**TASK DETAILS:** Output the whole listing exactly, except for the pictures in it.
*-*-*
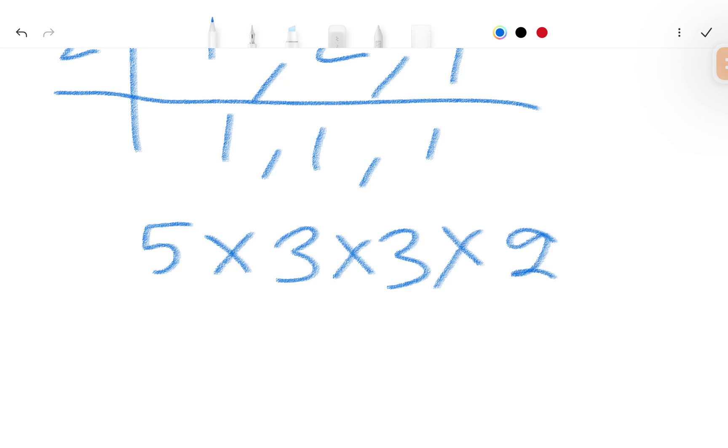Calculating: 5 times 3 is 15, 15 times 3 is 45, 45 times 2 is 90.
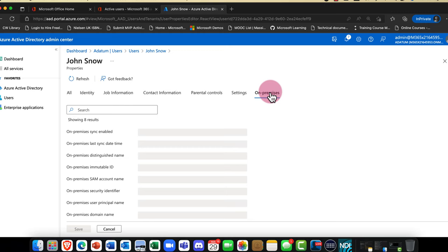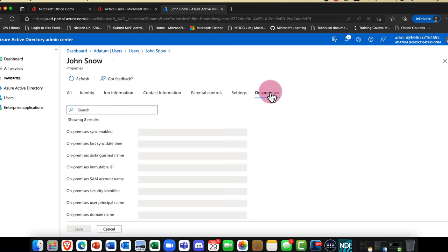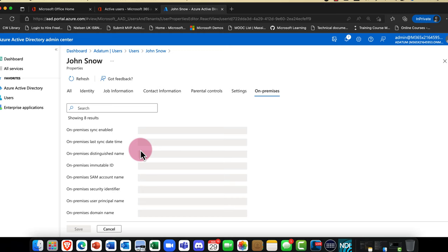We also have an on-premises tab. If Jon had synced from on-premises — for example if you're using Active Directory and Azure AD Connect — you can sync your users from on-premises into the cloud. This gives us a nice report of the status of Jon's account.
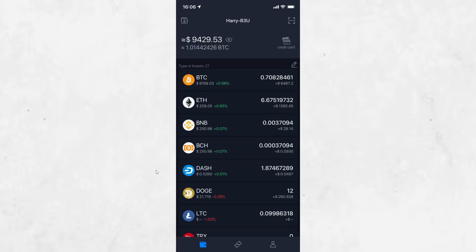First, open your SafePal app. Make sure you are logged in and that your wallet is active. Check your balance and decide how much you want to move. You can transfer any supported cryptocurrency, but it is important to make sure that the coin you choose is accepted by the platform you are going to use next.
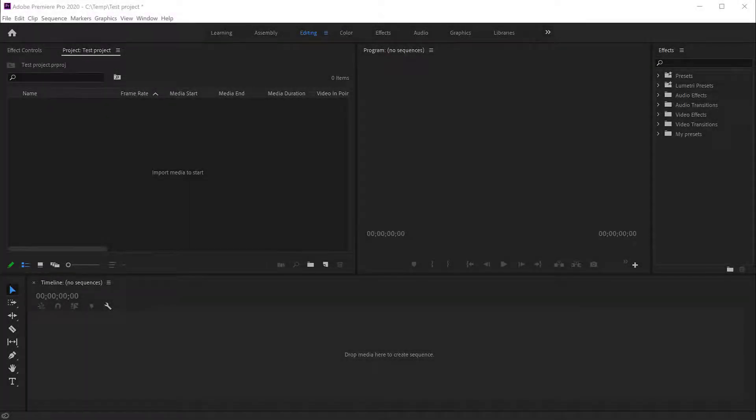Hey everyone, this is Christy and in today's tutorial I will show you how to add transitions between two videos in Adobe Premiere.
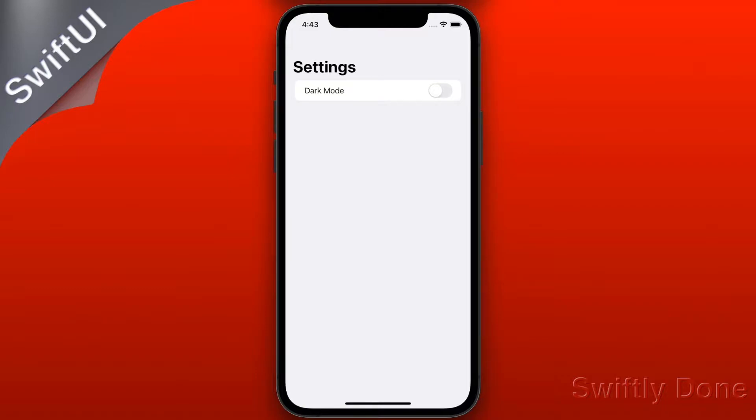Oh hi! In this video I'm going to look at toggle switches in SwiftUI and code this simple example which allows you to use a toggle switch to switch between light and dark mode.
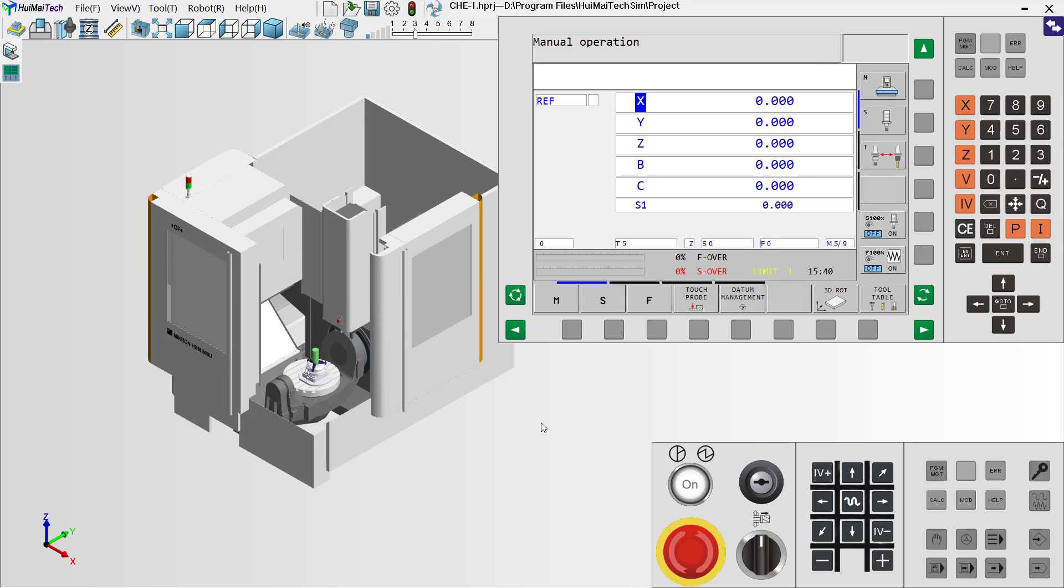Hi everybody. In this video, I will show you how to set a tool length for a tool.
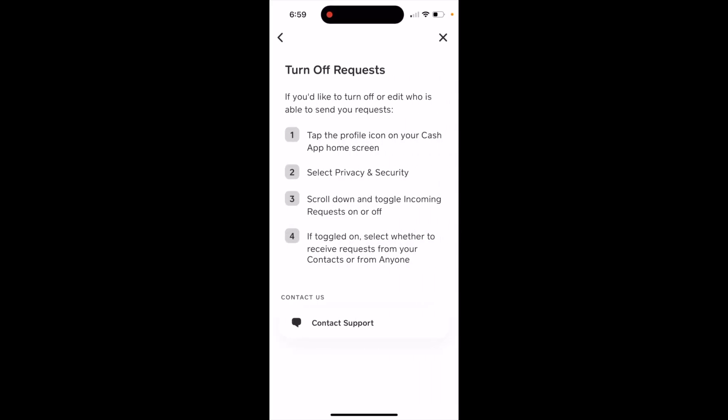Here's how to turn off requests in the Cash App. If you'd like to turn off or edit who is able to send you requests, just tap the profile icon on your Cash App home screen, select Privacy and Security, scroll down, and toggle incoming requests on or off. If toggled on, select whether to receive requests from your contacts or from anyone.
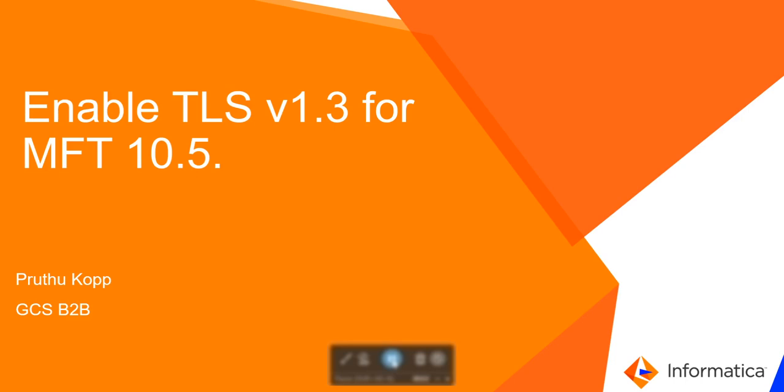Hi, in this video KB I am going to go over the steps for enabling TLS version 1.3 for MFT 10.5.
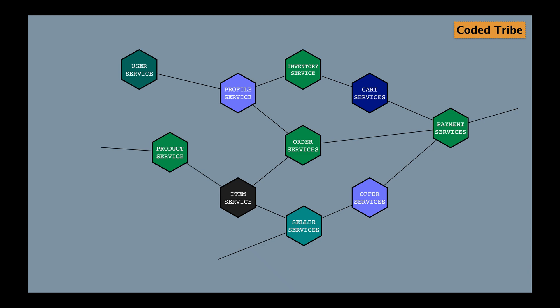A failure in one service can transmit that failure to other services as well in a microservices architecture. Suppose we have a payment service which is the most used service — as shown in the diagram, we have card services, order services, and offer services all calling the payment service. Now if the payment service goes down, any request coming to these dependent services will get affected. If all threads are consumed, card services, order services, and offer services will all stop working. This is how a cascading failure in a microservices architecture looks.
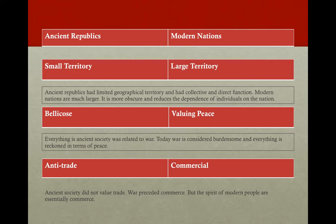Then we have the distinction between the anti-trade character of ancient times and the commercial spirit of modern times. War and commerce are two different ways of achieving the same end — coming to own what one wants. Commerce is essentially an attempt to get through mutual agreement what one has given up hope of obtaining through violence. Ancient societies did not value trade particularly, partly due to ignorance of the compass which forced navigators not to stray far from their course, and partly because religious prejudices were opposed to maritime trade. However, the spirit of modern peoples is essentially commercial.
*-*-*
**THE COMPLETED TASK:**
Calculating: 5 times 3 is 15, 15 times 3 is 45, 45 times 2 is 90.
We also have an on-premises tab. If Jon had synced from on-premises — for example if you're using Active Directory and Azure AD Connect — you can sync your users from on-premises into the cloud. This gives us a nice report of the status of Jon's account.
First, open your SafePal app. Make sure you are logged in and that your wallet is active. Check your balance and decide how much you want to move. You can transfer any supported cryptocurrency, but it is important to make sure that the coin you choose is accepted by the platform you are going to use next.
Hey everyone, this is Christy and in today's tutorial I will show you how to add transitions between two videos in Adobe Premiere.
Oh hi! In this video I'm going to look at toggle switches in SwiftUI and code this simple example which allows you to use a toggle switch to switch between light and dark mode.
Hi everybody. In this video, I will show you how to set a tool length for a tool.
Here's how to turn off requests in the Cash App. If you'd like to turn off or edit who is able to send you requests, just tap the profile icon on your Cash App home screen, select Privacy and Security, scroll down, and toggle incoming requests on or off. If toggled on, select whether to receive requests from your contacts or from anyone.
Hi, in this video KB I am going to go over the steps for enabling TLS version 1.3 for MFT 10.5.
A failure in one service can transmit that failure to other services as well in a microservices architecture. Suppose we have a payment service which is the most used service — as shown in the diagram, we have card services, order services, and offer services all calling the payment service. Now if the payment service goes down, any request coming to these dependent services will get affected. If all threads are consumed, card services, order services, and offer services will all stop working. This is how a cascading failure in a microservices architecture looks.
Then we have the distinction between the anti-trade character of ancient times and the commercial spirit of modern times. War and commerce are two different ways of achieving the same end — coming to own what one wants. Commerce is essentially an attempt to get through mutual agreement what one has given up hope of obtaining through violence. Ancient societies did not value trade particularly, partly due to ignorance of the compass which forced navigators not to stray far from their course, and partly because religious prejudices were opposed to maritime trade. However, the spirit of modern peoples is essentially commercial.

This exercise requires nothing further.